▼

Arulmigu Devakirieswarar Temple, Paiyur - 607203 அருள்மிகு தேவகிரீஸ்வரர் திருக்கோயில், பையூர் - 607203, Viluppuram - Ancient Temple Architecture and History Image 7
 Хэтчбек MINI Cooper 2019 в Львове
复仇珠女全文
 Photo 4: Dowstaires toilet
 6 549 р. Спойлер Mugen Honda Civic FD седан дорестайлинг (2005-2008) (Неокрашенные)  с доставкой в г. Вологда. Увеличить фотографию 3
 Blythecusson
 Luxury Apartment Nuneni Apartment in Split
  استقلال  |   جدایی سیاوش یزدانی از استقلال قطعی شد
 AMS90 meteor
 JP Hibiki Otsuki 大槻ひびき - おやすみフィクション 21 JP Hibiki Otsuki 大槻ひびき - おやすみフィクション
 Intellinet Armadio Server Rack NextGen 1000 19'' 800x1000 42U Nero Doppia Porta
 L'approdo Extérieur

▲

**Prompt**
The entire listing above should be returned exactly as written.

**Answer area**
Arulmigu Devakirieswarar Temple, Paiyur - 607203 அருள்மிகு தேவகிரீஸ்வரர் திருக்கோயில், பையூர் - 607203, Viluppuram - Ancient Temple Architecture and History Image 7
 Хэтчбек MINI Cooper 2019 в Львове
复仇珠女全文
 Photo 4: Dowstaires toilet
 6 549 р. Спойлер Mugen Honda Civic FD седан дорестайлинг (2005-2008) (Неокрашенные)  с доставкой в г. Вологда. Увеличить фотографию 3
 Blythecusson
 Luxury Apartment Nuneni Apartment in Split
  استقلال  |   جدایی سیاوش یزدانی از استقلال قطعی شد
 AMS90 meteor
 JP Hibiki Otsuki 大槻ひびき - おやすみフィクション 21 JP Hibiki Otsuki 大槻ひびき - おやすみフィクション
 Intellinet Armadio Server Rack NextGen 1000 19'' 800x1000 42U Nero Doppia Porta
 L'approdo Extérieur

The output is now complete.